SAP-Anwender wünschen sich mehr Transparenz

| Autor: Elke Witmer-Goßner

Hinsichtlich Reifegrad und Leistungsumfang der Produkte erwarten die SAP-Anwender mehr Aufklärung.
Hinsichtlich Reifegrad und Leistungsumfang der Produkte erwarten die SAP-Anwender mehr Aufklärung. (Bild: © jun.SU. - stock.adobe.com)

Die Deutschsprachige SAP-Anwendergruppe e. V. (DSAG) stellte auf ihrem 18. Jahreskongress Ende September im Messe und Congress Centrum Bremen die aktuelle Situation bei der digitalen Transformation in den Mittelpunkt.

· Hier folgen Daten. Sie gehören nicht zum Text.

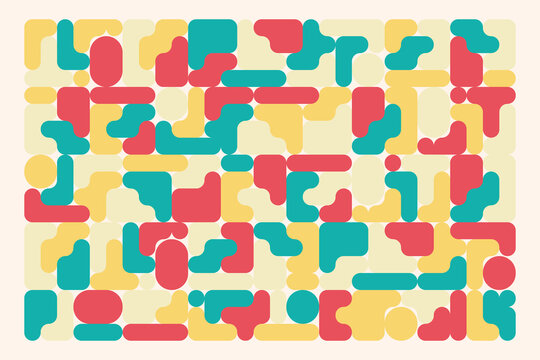 Patr&oacute;n geom&eacute;trico abstracto colorido. con varias figuras, Fondo vectorial moderno.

Gerade im Hinblick auf Lizenzfragestellungen, Sicherheitskonzepte und Produkttransparenz gäbe es noch wichtige Aufgaben für SAP zu lösen, wie eine aktuelle Umfrage unter den Mitgliedern der DSAG besagt. Unternehmen befinden sich, wie es das Motto des 18. Jahreskongresses beschreibt: Zwischen den Welten. Um nötige Digitalisierungsvorhaben adäquat umzusetzen, brauchen Unternehmen einen stabilen ERP-Kern, der die wesentlichen Geschäftsprozesse abbildet, sich aber schnell und einfach updaten lässt, lautete daher die Forderung der Anwender.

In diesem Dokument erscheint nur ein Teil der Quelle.